Sehubungan dengan hal itu, jika ditinjau dari barang yang akan diwakafkan, apabila barang tersebut milik bersama atau milik keluarga, maka hendaknya dirundingkan terlebih dahulu bersama keluarga, apakah barang tersebut benar-benar akan diwakafkan atau tidak, apabila disetujui untuk diwakafkan, maka wakaf tersebut bisa diartikan sebagai wakaf keluarga. Tetapi jika barang tersebut milik pribadi kepala keluarga, maka dia bisa meniatkan untuk dirinya sendiri.
Yang perlu ditambahkan di sini adalah penjelasan mengenai ikrar wakaf. Meskipun wakaf dilakukan oleh perseorangan maupun bersama, ikrar wakaf tetap dilakukan oleh satu orang saja dan dua orang saksi. Sebagaimana yang telah dijelaskan dalam Peraturan Pemerintah Nomor 42 Tahun 2006 Pasal 32 ayat (5) yaitu “Dalam hal wakif organisasi atau badan hukum maka nama dan identitas wakif sebagaimana yang dimaksud dalam ayat (4) huruf (a) yang dicantumkan dalam akta adalah nama pengurus organisasi atau direksi badan hukum yang bersangkutan sesuai dengan ketentuan aggaran dasar masing-masing”.
Karena permasalahan yang terjadi di sini mengenai wakaf yang dilakukan oleh kepala keluarga dan/atau keluarga, maka nama yang dicantumkan dalam ikrar wakaf adalah nama kepala keluarga tersebut. Sebagaimana jika wakaf dilakukan oleh suatu organisasi atau badan hukum, dan nama yang dicantumkan dalam akta adalah nama pengurus organisasi atau direksi badan hukum, maka demikian pula dengan wakaf yang dilakukan oleh kepala keluarga dan keluarga.

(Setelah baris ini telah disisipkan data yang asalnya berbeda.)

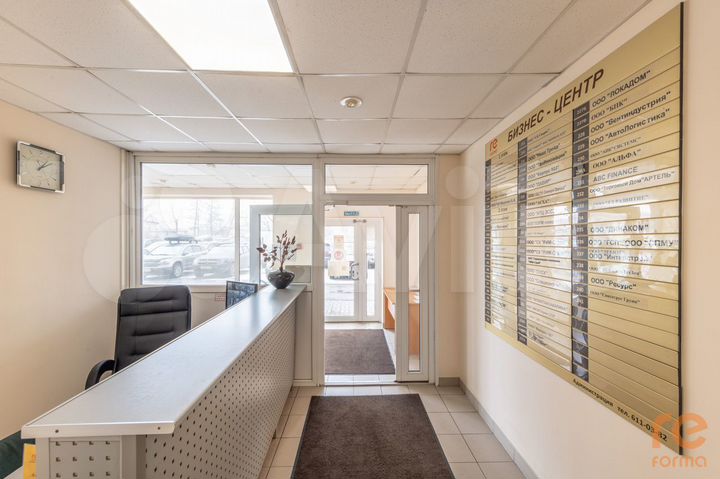 Торговое помещение от 165.3 м² до 353.3 м²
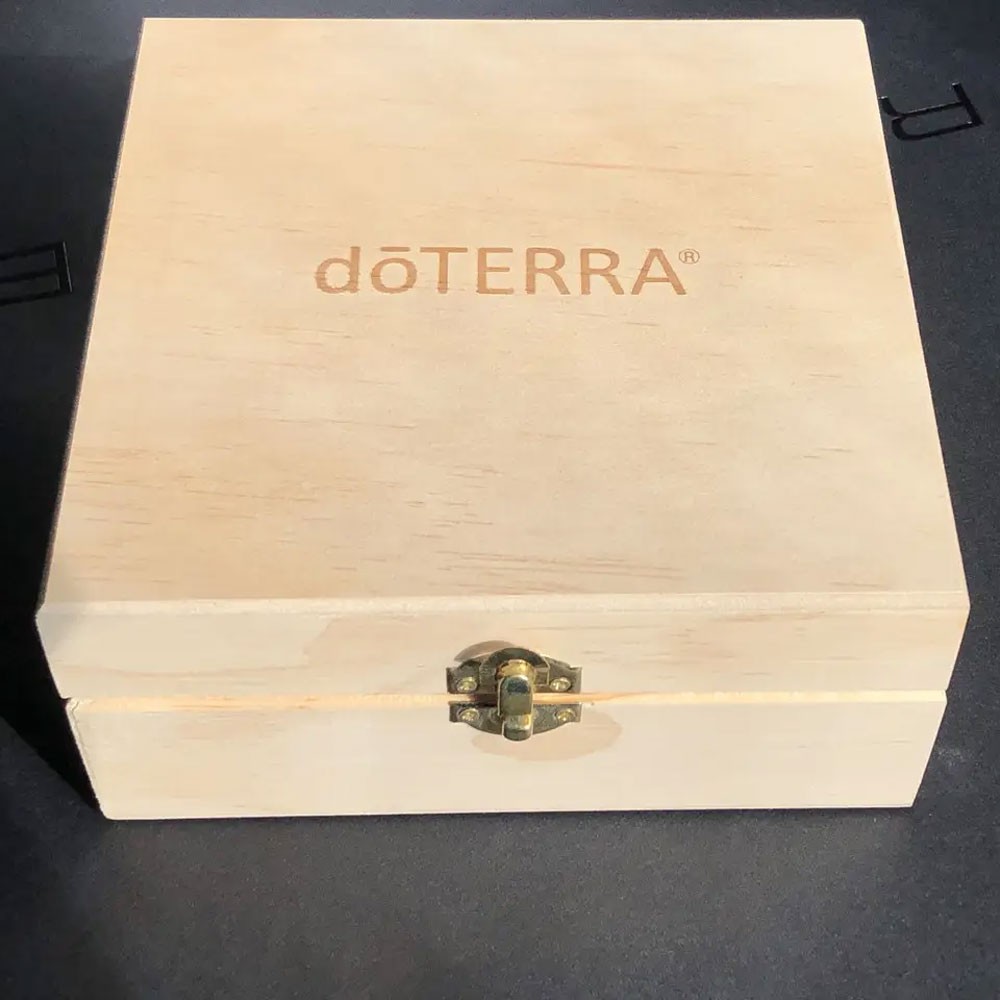 Скринька DoTERRA Logo Engraved Wooden Box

Namun meskipun demikian, keluarga tetap mendapatkan pahala, jika barang wakaf tersebut milik kepala keluarga dan keluarga (milik bersama).
Berikut dalil-dalil yang berkaitan dengan perintah Allah untuk berwakaf, yaitu dalam al-Quran surah al-Baqarah (2) ayat 267 dan surah Ali-Imran (3) ayat 92:
يَا أَيُّهَا الَّذِيْنَ آمَنُوْا أَنْفِقُوْا مِنْ طَيِّبَاتِ مَا كَسَبْتُمْ وَ مِمَّا أَخْرَجْنَا لَكُمْ مِنَ الْأَرْضِ وَلَا تَيَمَّمُ الْخَبِيْثَ مِنْهُ تُنْفِقُوْنَ وَ لَسْتُمْ بِآخِذِيْهِ إِلَّا أَنْ تُغْمِضُوْا فِيْهِ وَاعْلَمُوْا أَنَّ اللهَ غَنِيٌّ حَمِيْدٌ [البقرة: 267].
“Wahai orang-orang yang beriman infaqkanlah sebagian dari hasil usahamu yang baik-baik dan sebagian dari apa yang kami keluarkan dari bumi untukmu. Janganlah kamu memilih yang buruk untuk kamu keluarkan padahal kamu sendiri tidak mau mengambilnya melainkan dengan memicingkan mata (enggan) terhadapnya. Dan ketahuilah bahwa Allah Maha Kaya Maha Terpuji”. (Q.S. Al-Baqarah: 267).
لَنْ تَنَالُوا الْبِرَّ حَتَّى تُنْفِقُوا مِمَّا تُحِبُّونَ وَمَا تُنْفِقُوا مِنْ شَيْءٍ فَإِنَّ اللهَ بِهِ عَلِيمٌ [ال عمران : 92].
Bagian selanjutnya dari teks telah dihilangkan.